__Problem statement__
The reply is to contain the full listing, repeated exactly, with pictures left out.

__Dataset extract__
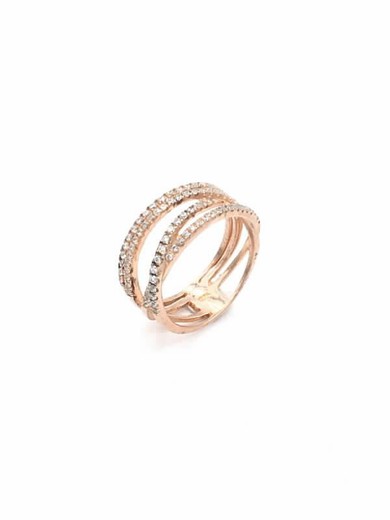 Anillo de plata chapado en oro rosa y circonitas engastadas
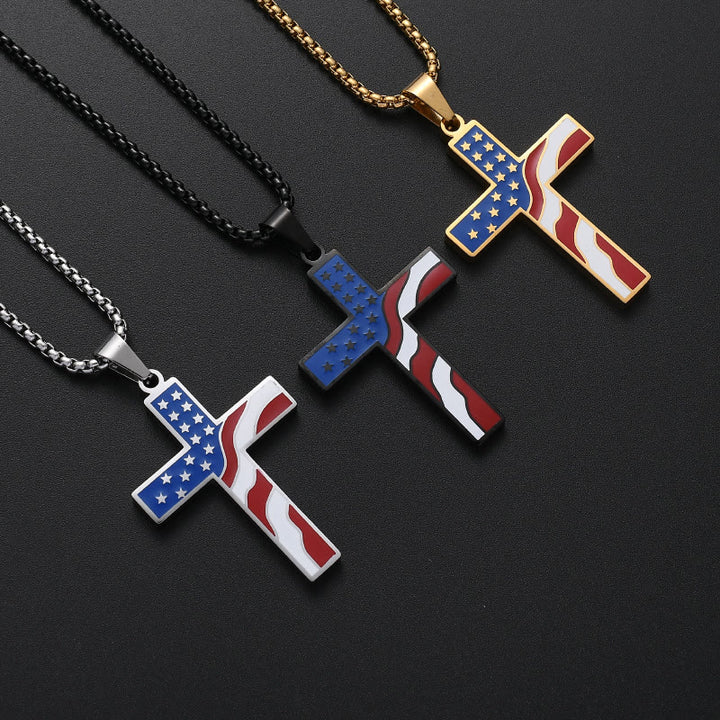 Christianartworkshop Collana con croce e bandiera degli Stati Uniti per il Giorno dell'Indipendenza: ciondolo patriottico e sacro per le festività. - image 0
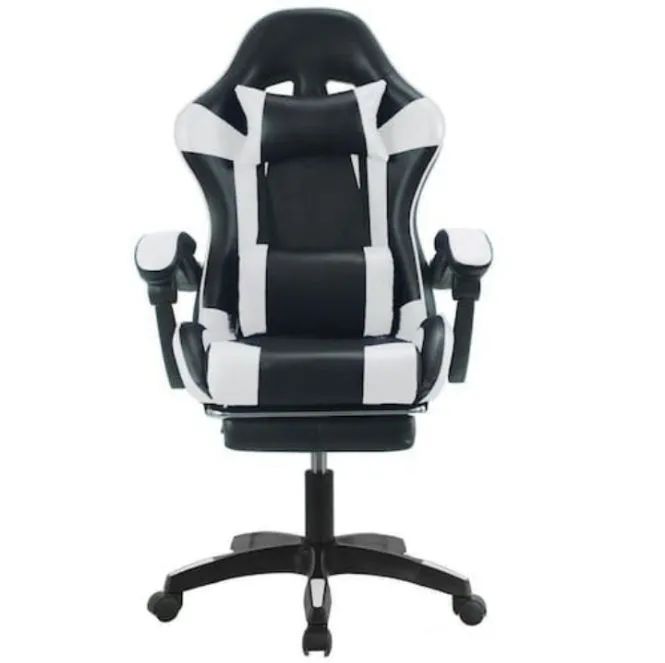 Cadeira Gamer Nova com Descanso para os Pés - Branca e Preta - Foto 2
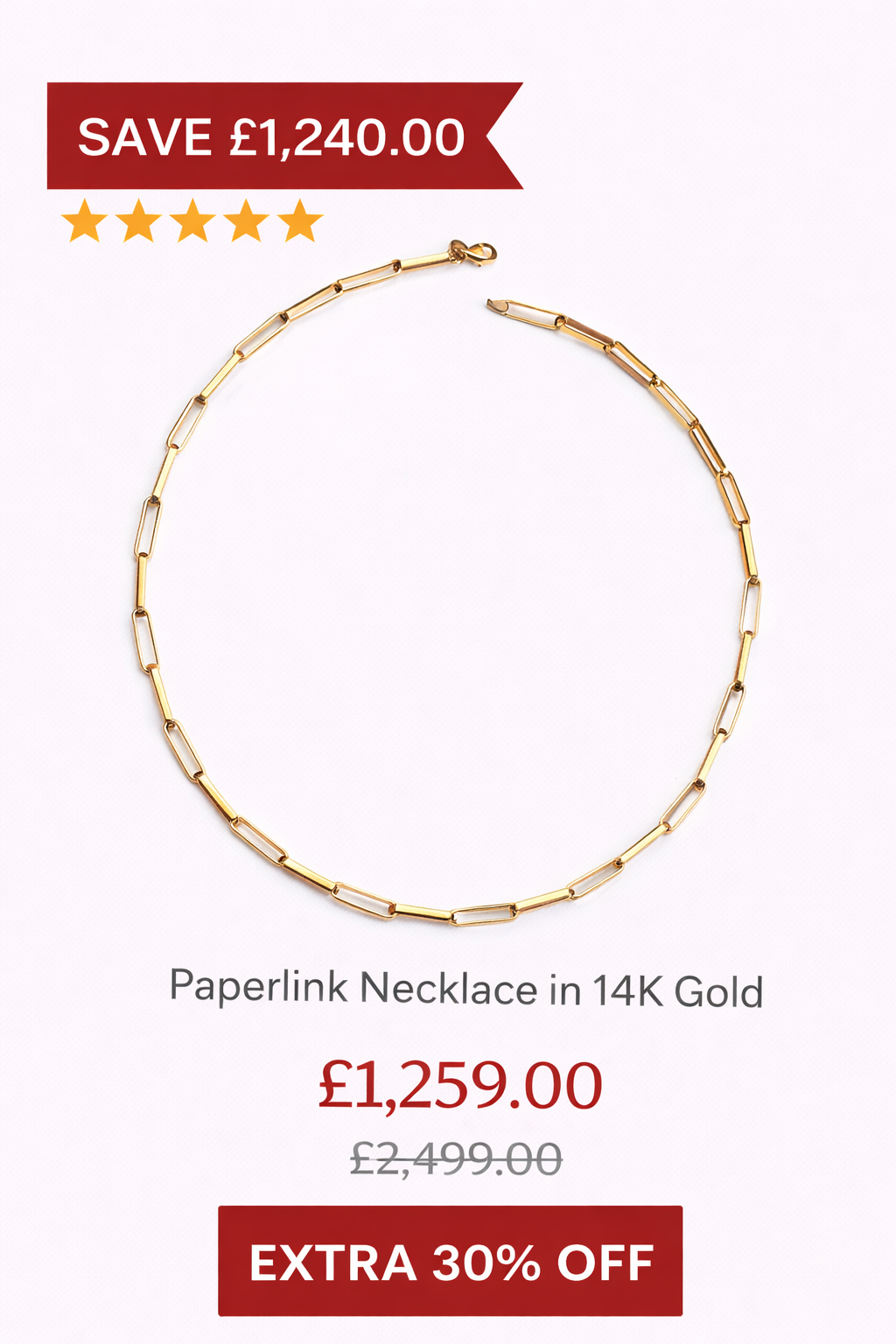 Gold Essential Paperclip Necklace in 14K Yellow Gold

__Reply to the task__
 Anillo de plata chapado en oro rosa y circonitas engastadas
 Christianartworkshop Collana con croce e bandiera degli Stati Uniti per il Giorno dell'Indipendenza: ciondolo patriottico e sacro per le festività. - image 0
 Cadeira Gamer Nova com Descanso para os Pés - Branca e Preta - Foto 2
 Gold Essential Paperclip Necklace in 14K Yellow Gold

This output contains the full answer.